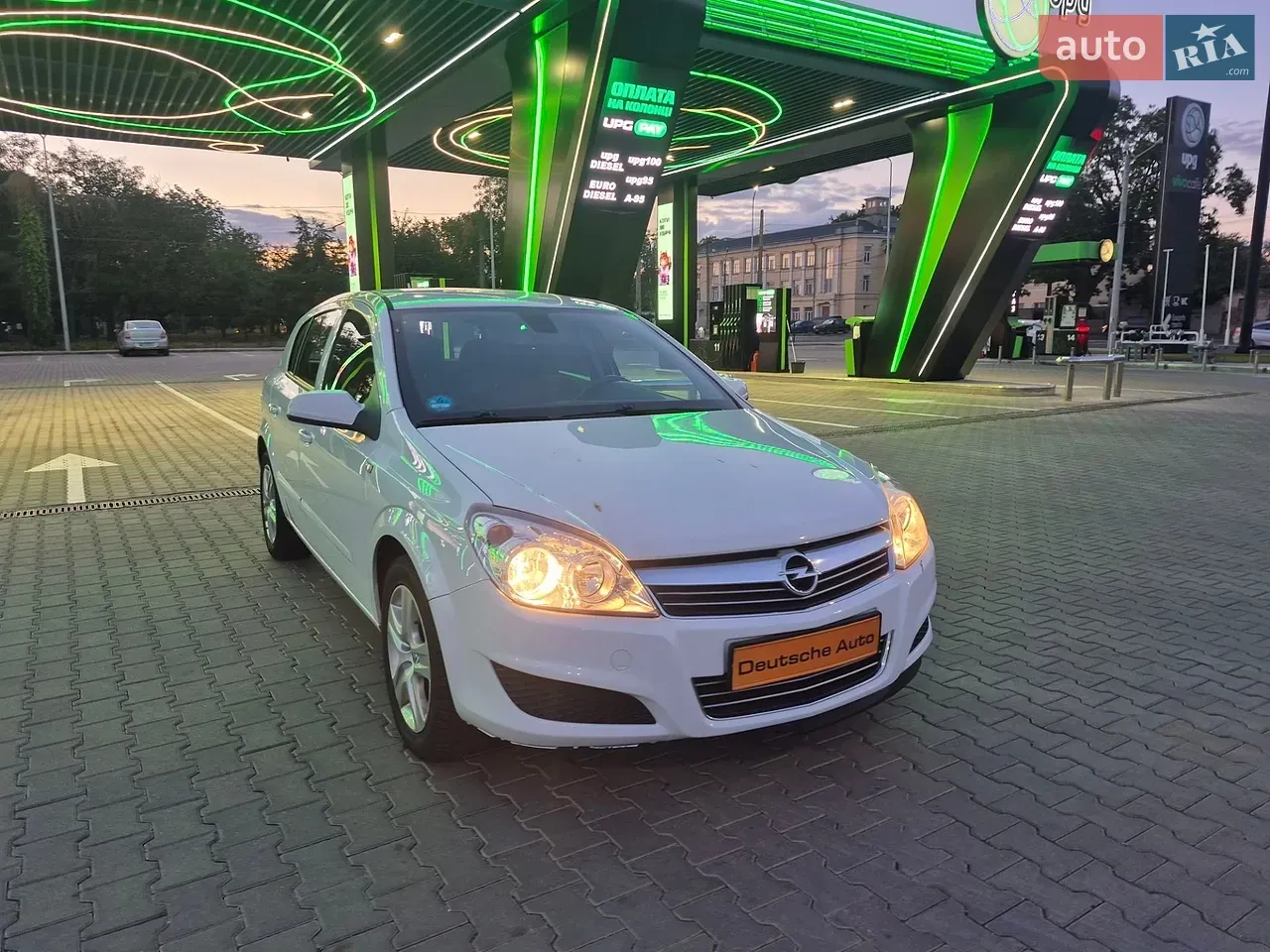 Opel Astra 2009 photo 2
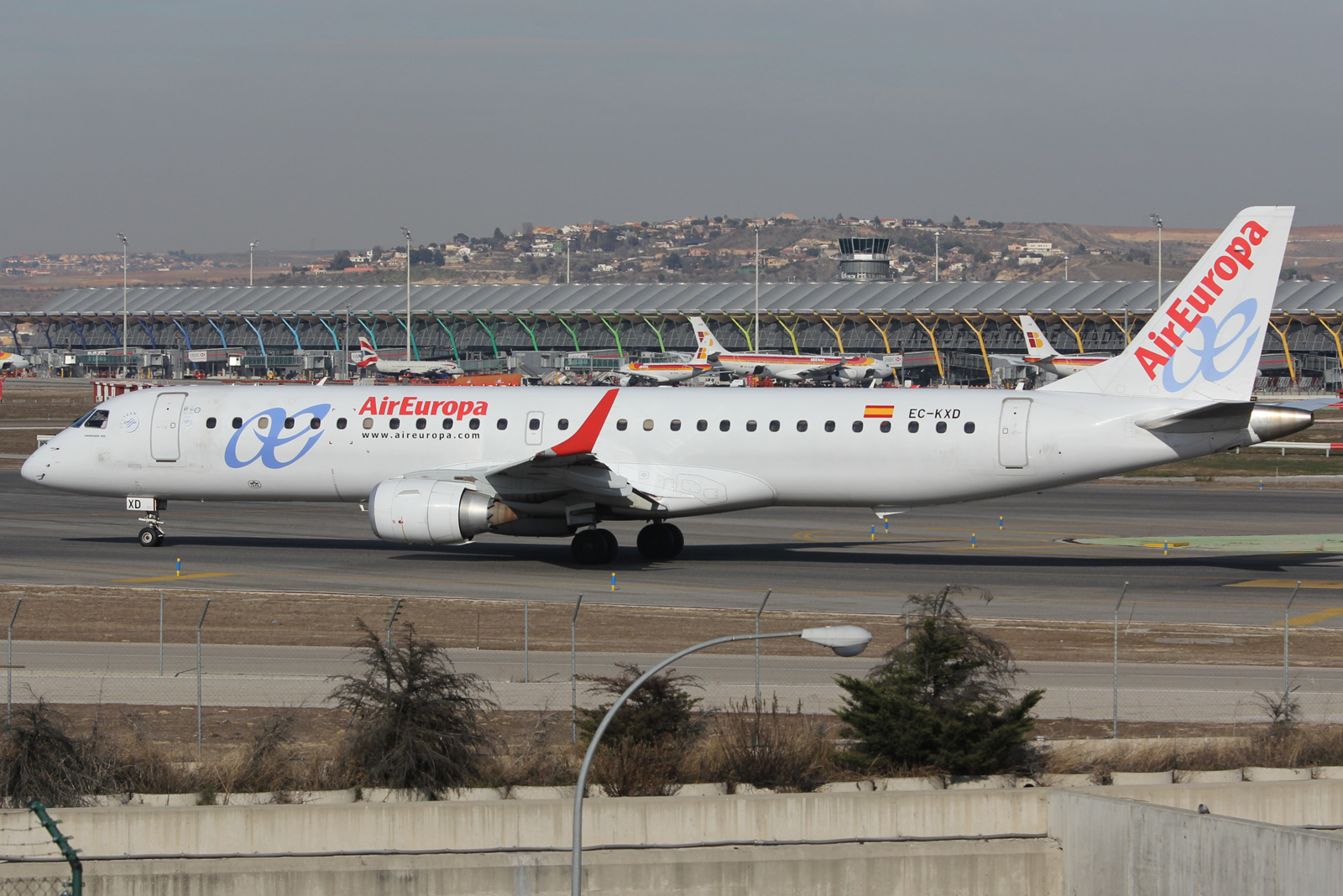 EC-KXD · Embraer 190-200LR · (MAD / LEMD)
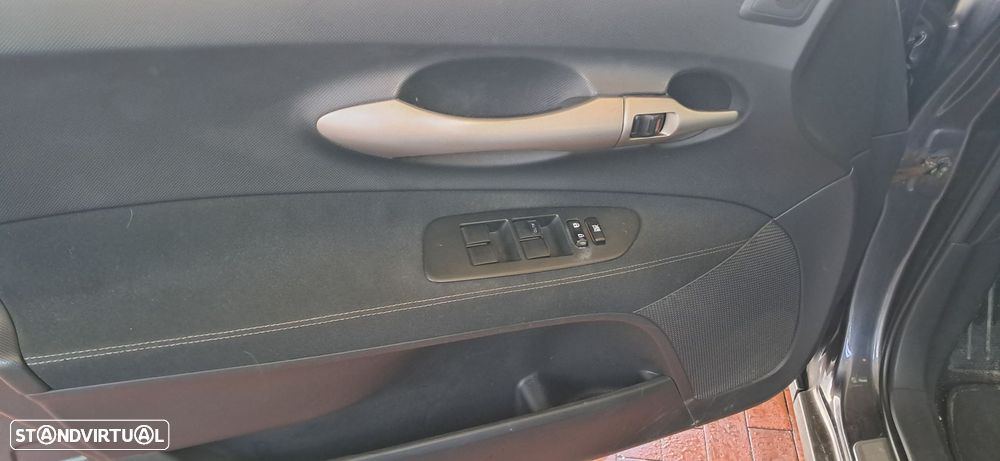 Toyota Auris 1.33 VVT-i - 4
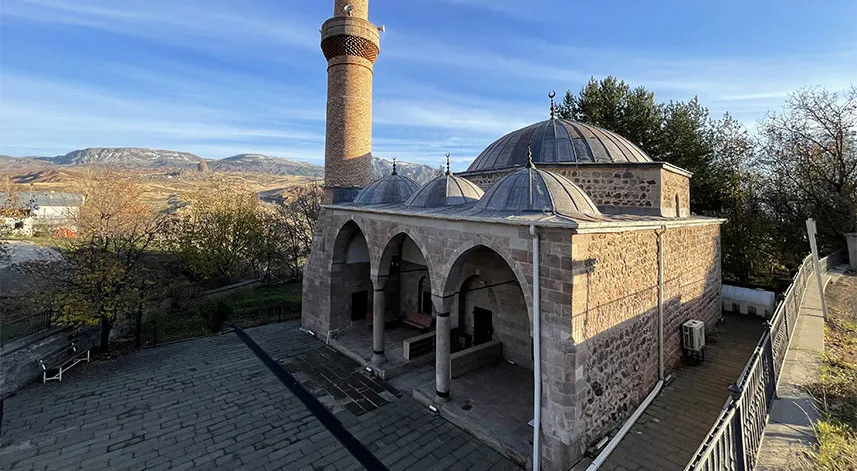 Şebinkarahisar'da asırlardır ayakta kalan camiler kültür turizmine katkı veriyor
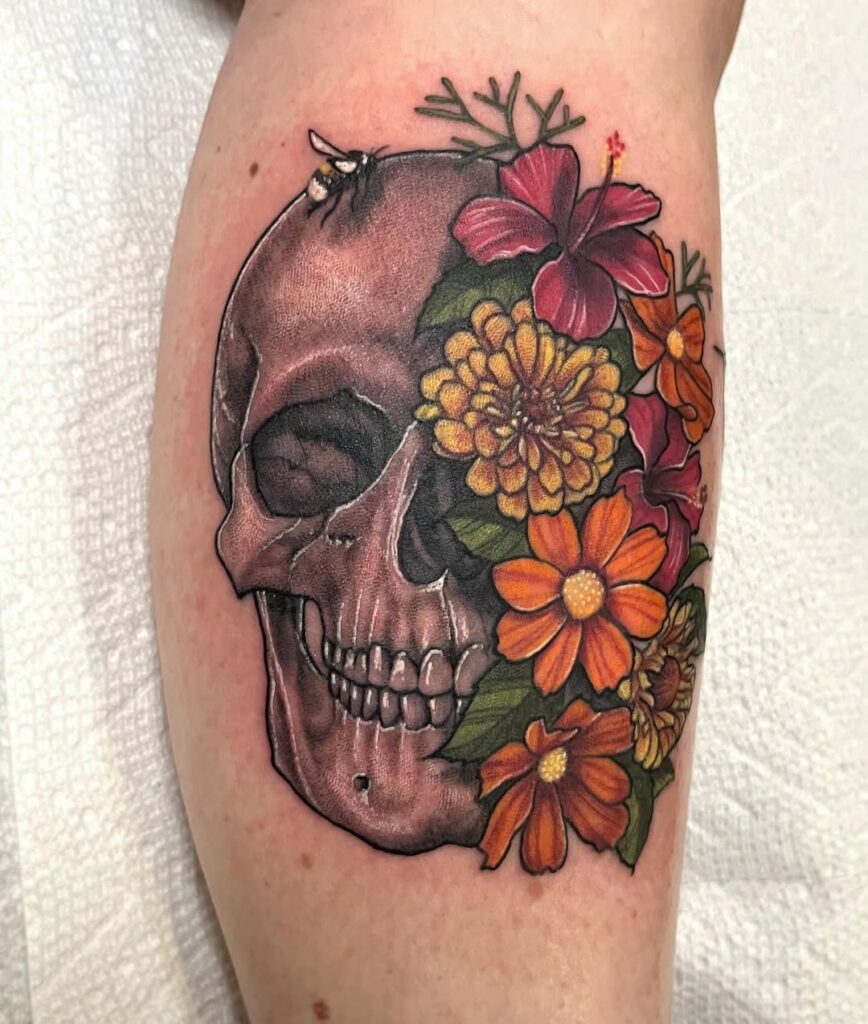 Tatuagem de caveira floral colorida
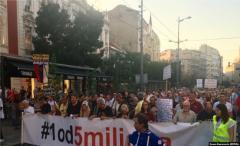 Sırbistan'da 5 Milyonun 1'i muhalefet protestoları devam ediyor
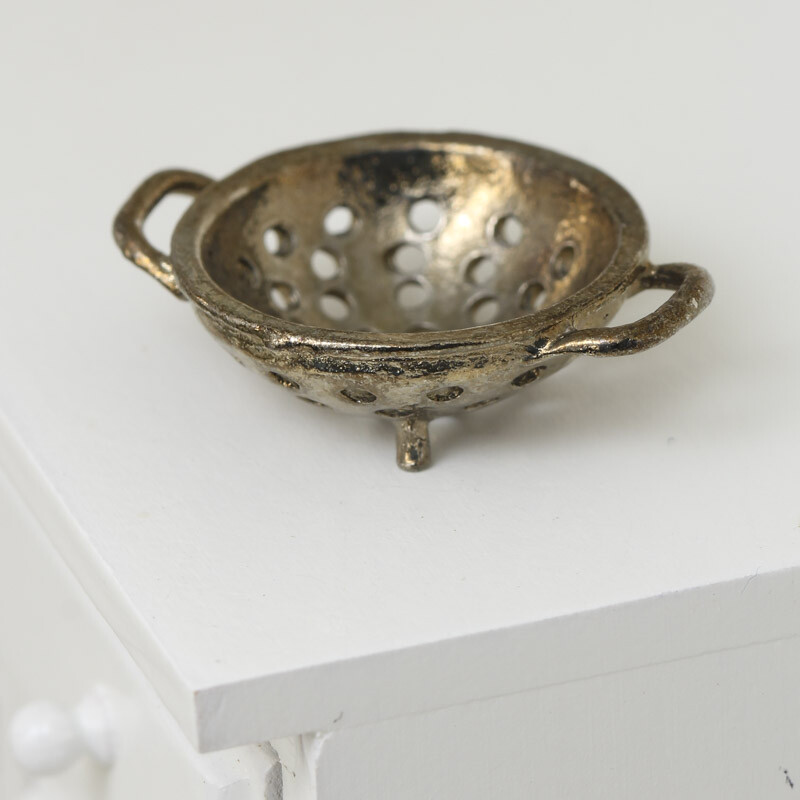 Dollhouse Miniature Strainer | 6 Pieces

☆ ☆ ☆ ☆ ☆

== Your instructions ==
Starting at the top of the listing above, reproduce each line up to and including the one with "Tatuagem de caveira floral colorida"; omit the pictures.

== Solved exercise ==
 Opel Astra 2009 photo 2
 EC-KXD · Embraer 190-200LR · (MAD / LEMD)
 Toyota Auris 1.33 VVT-i - 4
 Şebinkarahisar'da asırlardır ayakta kalan camiler kültür turizmine katkı veriyor
 Tatuagem de caveira floral colorida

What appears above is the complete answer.